The Bank of Canada released two quarterly surveys this week: the Business Outlook Survey and the Senior Loan Officer Survey. Together, the two surveys relay information on trends in firm sales, investment, employment, and bank lending standards.
The reports suggest that economic uncertainty remains high and current conditions are weak and expected to weaken further. However, there is a silver lining: a growing share of survey respondents expect sales, investment, labor, and banking conditions to improve over the next year.
The Canadian economy, like the rest of the world, is contracting quickly.
The chart illustrates quarterly real economic growth and the unemployment rate in Canada since 1976. Economic conditions have decreased substantially: GDP fell 0.8% in Q4 2008 and the unemployment rate rose to 7.6% in Q1 2009, and both are expect to fall further.
Consistent with the drop in Q4 2008 GDP and Q1 2009 employment, the Bank of Canada's Business Outlook Survey indicates that past and/or prospective sales growth, investment, and employment continue to deteriorate into Q1 2009.
Expected sales growth is still negative in net, but a growing share of firms report an increase in past sales and an rising expected sales.
The chart illustrates the net share of firms that reported an increase in sales over past 12 months (Q1 2008 to Q1 2009), and those that reported an expected increase in sales over the next 12 months (Q1 2009 to Q1 2010). Overall, sales prospects continue to deteriorate. However, a larger share of firms reported increasing sales volumes over the last year in Q1 2009 compared to the previous quarter; and furthermore, a growing share of firms expect sales to improve over the next year.
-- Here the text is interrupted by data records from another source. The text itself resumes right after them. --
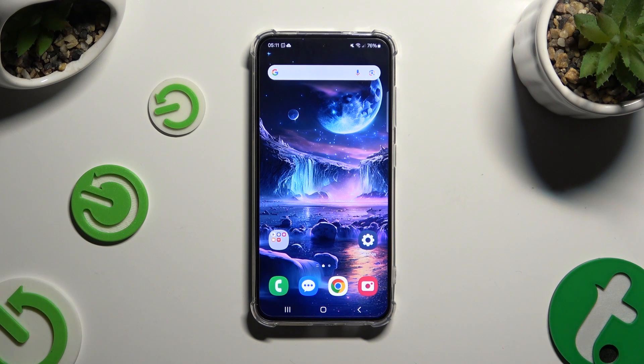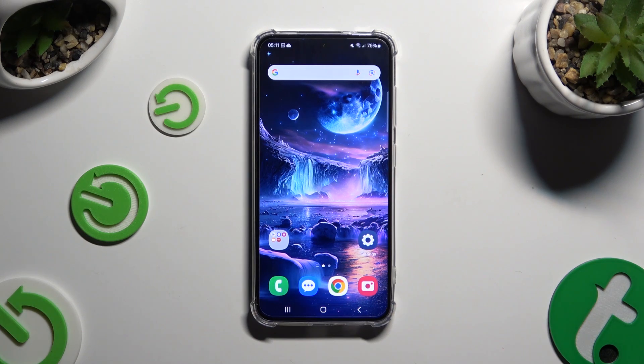In front of me is Samsung Galaxy S24 and today I would like to show you where you can locate all your downloads.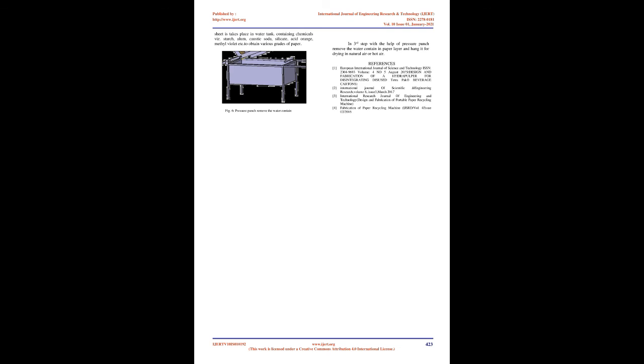The water tank contains chemicals including starch, alum, caustic soda, silicate, acid orange, methyl violet, etc. to obtain various grades of paper. In the third step, with the help of pressure punch, remove the water content in paper layer and hang it for drying in natural air or hot air.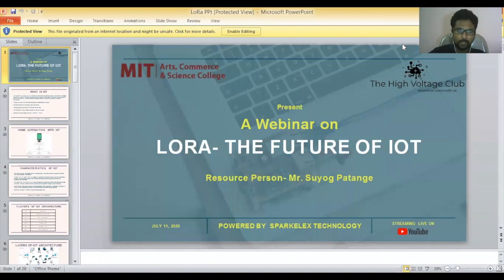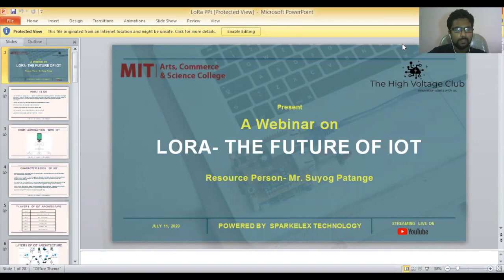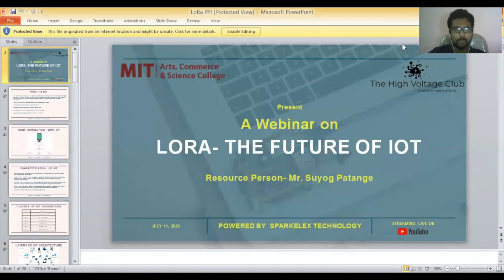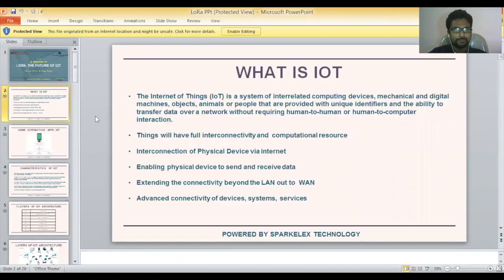Today we have a webinar on LoRa — the future of IoT. The name LoRa is a short form of Long Range, where LO represents long and RA represents range. LoRa is the name of the technology and it comes under the IoT — Internet of Things. IoT is a very big branch that concerns several kinds of technologies as well as protocols. To understand LoRa, we first need to understand IoT.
Investment and employment prospects are still negative; however, a growing share of firms report improved conditions going forward.
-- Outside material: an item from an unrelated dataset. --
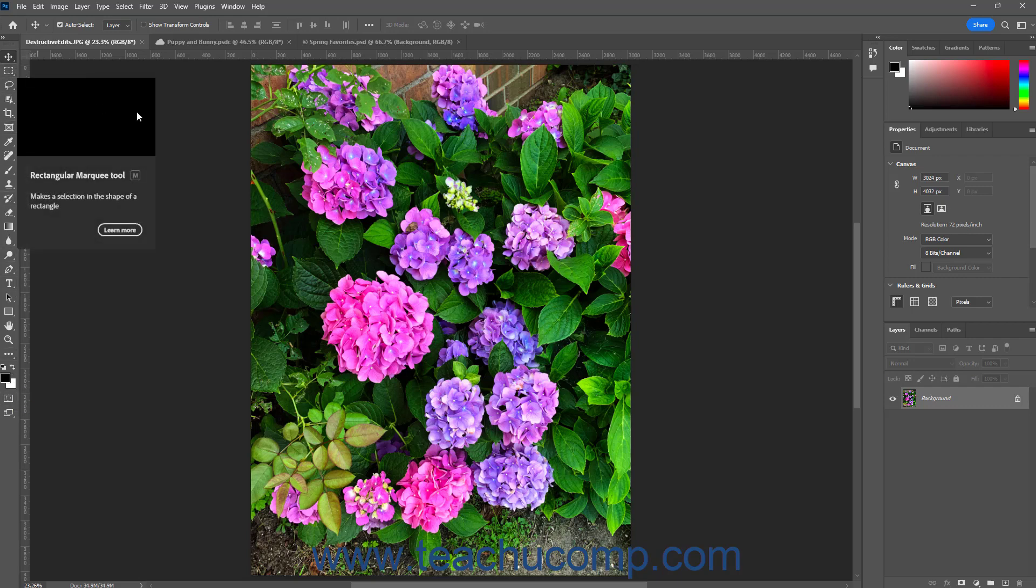To the right of the tools panel are the opened, tabbed document windows in Photoshop. The document window shows the content of the current document on which you are working.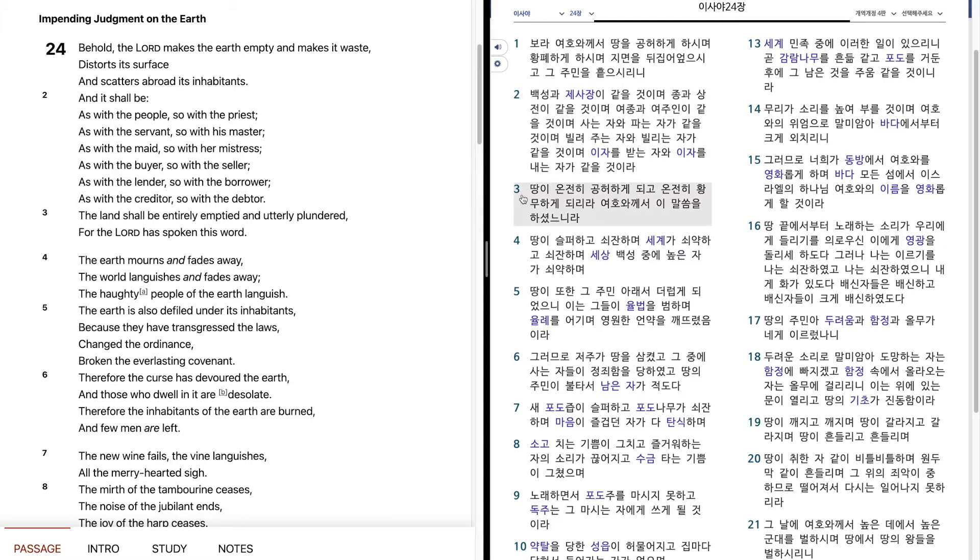땅이 온전히 공허하게 되고, 온전히 황무하게 되리라. 여호와께서 이 말씀을 하셨느니라. 땅이 슬퍼하고 쇠잔하며, 세계가 쇠약하고 쇠잔하며, 세상 백성 중에 높은 자가 쇠약하며,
This chart illustrates a similar story as does the sales chart: investment and employment prospects continue to decline in net; however, a growing number of firms are more optimistic about future conditions. Furthermore, there share of survey respondents that expect labor conditions to improve is almost equal to that of respondents that expect labor conditions to weaken.
Finally, according to the Bank of Canada's Senior Loan Officer survey, Q1 2009 bank lending remains tight, having tightened further since Q4 2008. However, the net new tightening was less widespread, meaning that more banks reported either not tightening or actually easing (the survey does not tell).
Together, the reports suggest further economic decline and tightening of lending standards is in the pipeline for Canada. The Bank of Montreal forecasts that the economy will contract another annualized 6.5% in Q1 2009 (roughly 1.6% on a quarterly basis), exceeding the 3.4% annualized (0.8% on a quarterly basis) contraction in Q4 2008.
The economic uncertainty is still strong, but the survey results suggest that a sliver of the anxiety is wearing off. Firms and banks may turn a corner if the uncertainty ebbs.